1) The inability of an institution, or the people running that institution, from ceasing to do what they know to be harmful and destructive.

2) It is where a manager’s duty to a company or organization outweighs all other concerns, including his or her concerns about the viability of the planet to support the human beings and the other species that now reside on it. It is duty to an institution being stronger than anything outside of that institution, including the concerns for his or her own family.

3) It is the mixture, among those running an institution, of a) the knowledge by those running an institution that their actions and decisions cause harm to the living systems of the planet and b) the inability or unwillingness to halt that destruction.

The duty of a manager of a corporations is definite and unqualified: it is to serve the interests of the corporation—increasing profits, avoiding risks, perceiving threats, acting so that the company is unfettered in its growth and its plans to secure profits for its owners. Furthermore, institutions often defend themselves at all costs. A company has no investment in anything but itself and so sees no cost as too great to preserve itself and its source of financial support. In short, a manager is often a servant to an entity that is indifferent to what it destroys.

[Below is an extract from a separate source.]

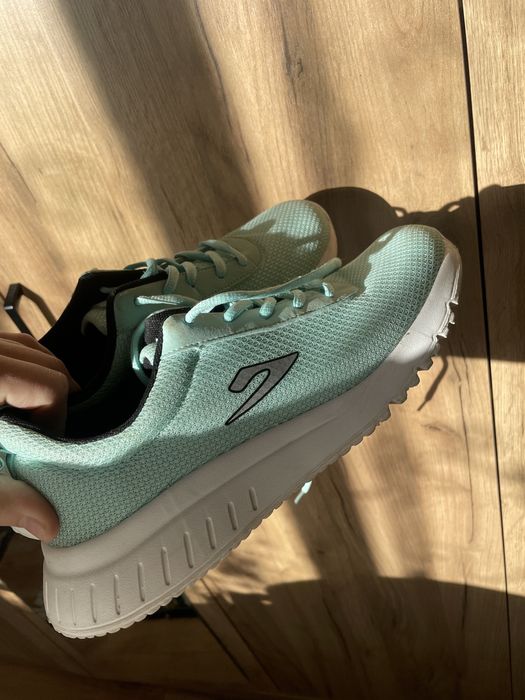 Жіночі кросівки 41 розмір від Galop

This pathology results in a dilemma for managers of those institutions. It is the dilemma of being torn between their duty to the institution and their feelings of obligation towards others and toward the planet’s living systems—as well as toward the lives of future generations. One response to this dilemma may be denial among the group of people running the institution or even a culture of silence surrounding these concerns. Another response to this ambivalence may to be to adopt destruction as a social norm by subsuming it into an ideology which gives a different meaning to the act and holds it as a virtue.


What Are Your Choices?

What can you do? Here are some choices that are available to you.

1) Share this definition with others.

2) Require corporations make public all internal and commissioned studies about the environmental impacts of their actions.

3) Subject managers of corporations who violate environmental regulations to criminal prosecution and change the law so they are not insulated from the consequences of their actions.

4) Make a company’s owners and shareholders financially liable for the actions of the managers they hire to run the company or institution.

5) Alter the legal framework of companies so that the legal and ethical responsibility to ecosystems and those outside of the company are equal or greater than the legal and ethical responsibility to their employer.